ASSIGNED TASK: Could you output every record below exactly, leaving out the pictures?
--------------------
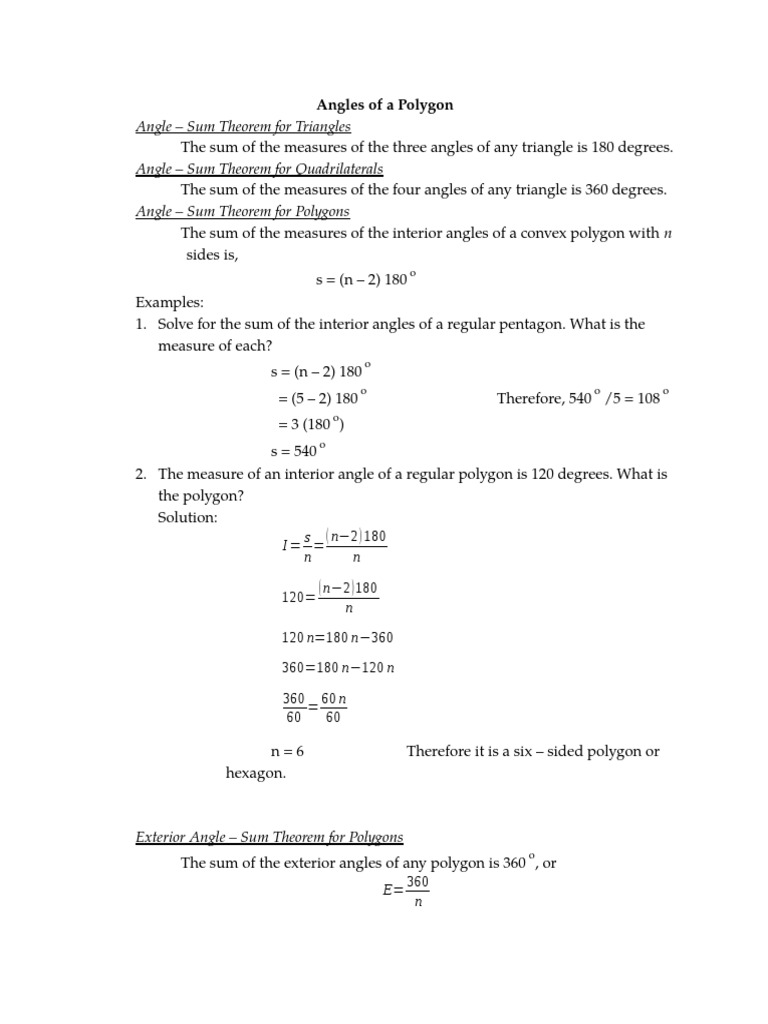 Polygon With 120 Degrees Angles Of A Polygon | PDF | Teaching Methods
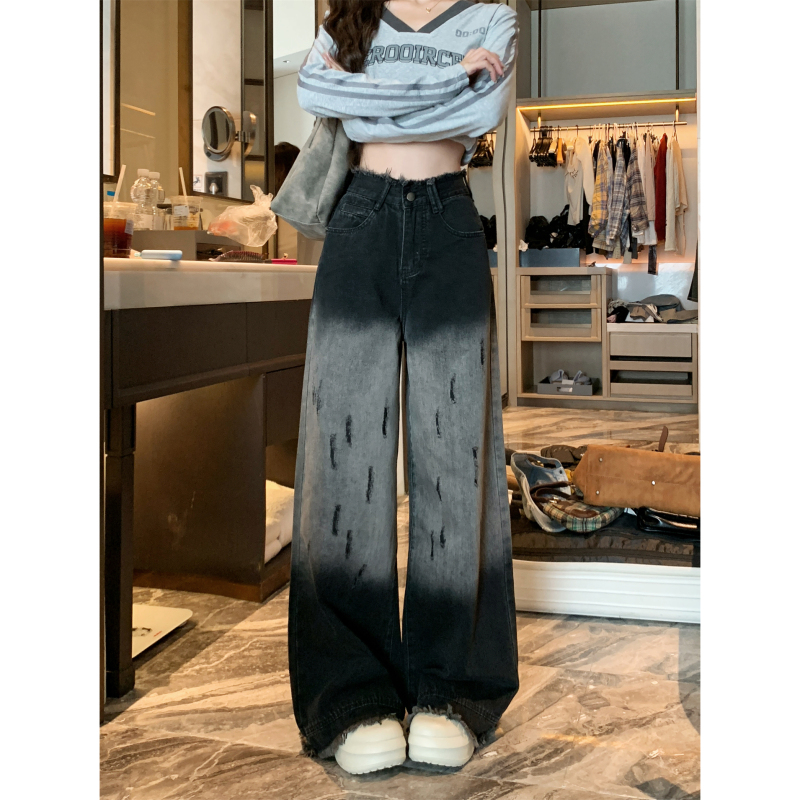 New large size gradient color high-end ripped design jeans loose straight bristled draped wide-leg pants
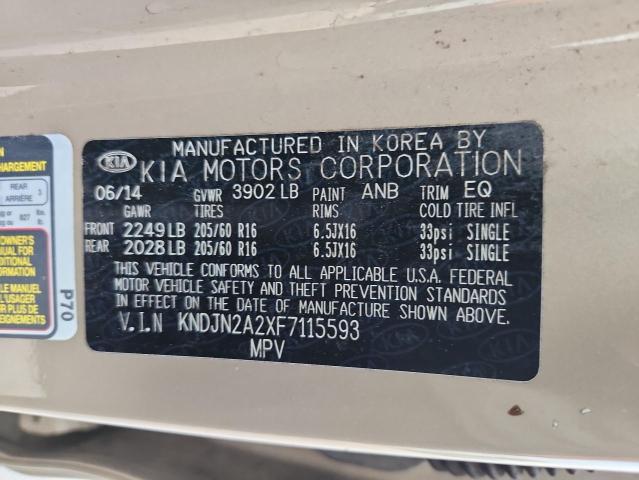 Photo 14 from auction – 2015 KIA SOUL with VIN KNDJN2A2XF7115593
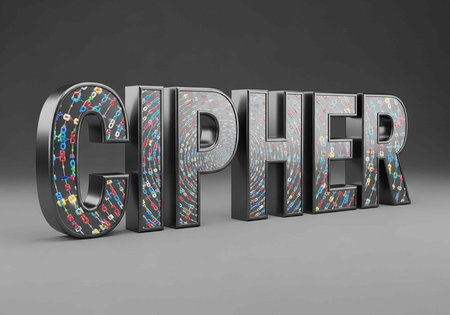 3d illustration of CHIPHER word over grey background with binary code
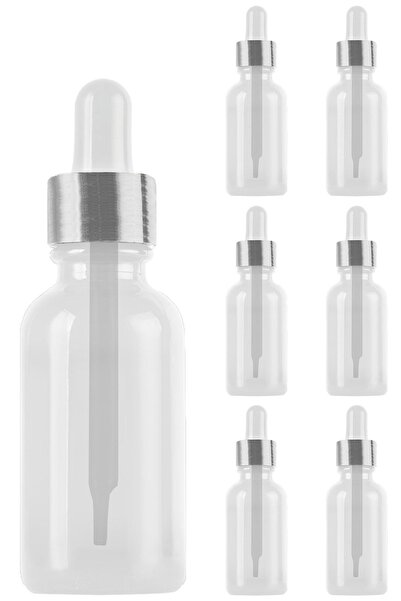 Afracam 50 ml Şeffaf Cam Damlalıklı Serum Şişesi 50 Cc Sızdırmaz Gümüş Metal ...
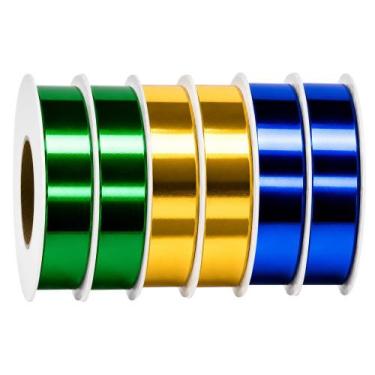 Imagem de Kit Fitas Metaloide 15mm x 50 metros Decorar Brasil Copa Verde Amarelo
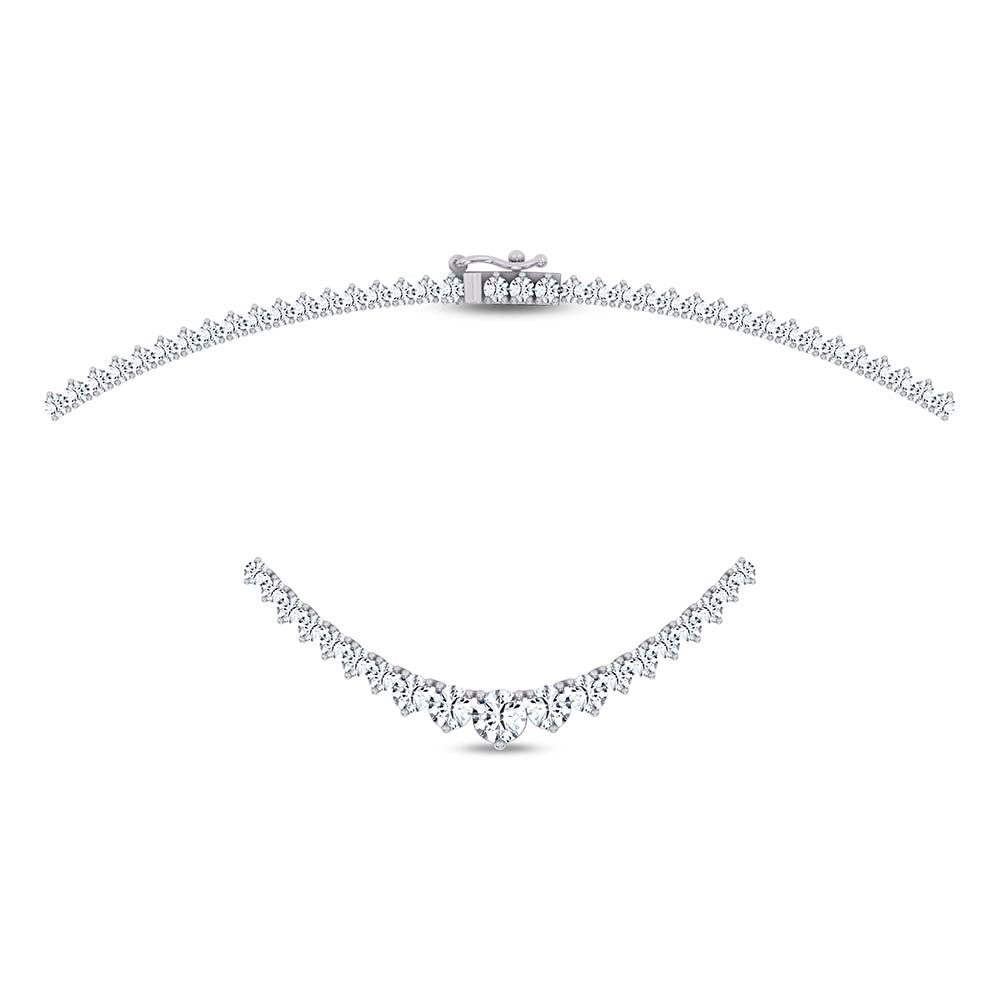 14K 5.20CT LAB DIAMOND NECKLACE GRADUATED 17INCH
--------------------
ANSWER SPACE:
 Polygon With 120 Degrees Angles Of A Polygon | PDF | Teaching Methods
 New large size gradient color high-end ripped design jeans loose straight bristled draped wide-leg pants
 Photo 14 from auction – 2015 KIA SOUL with VIN KNDJN2A2XF7115593
 3d illustration of CHIPHER word over grey background with binary code
 Afracam 50 ml Şeffaf Cam Damlalıklı Serum Şişesi 50 Cc Sızdırmaz Gümüş Metal ...
 Imagem de Kit Fitas Metaloide 15mm x 50 metros Decorar Brasil Copa Verde Amarelo
 14K 5.20CT LAB DIAMOND NECKLACE GRADUATED 17INCH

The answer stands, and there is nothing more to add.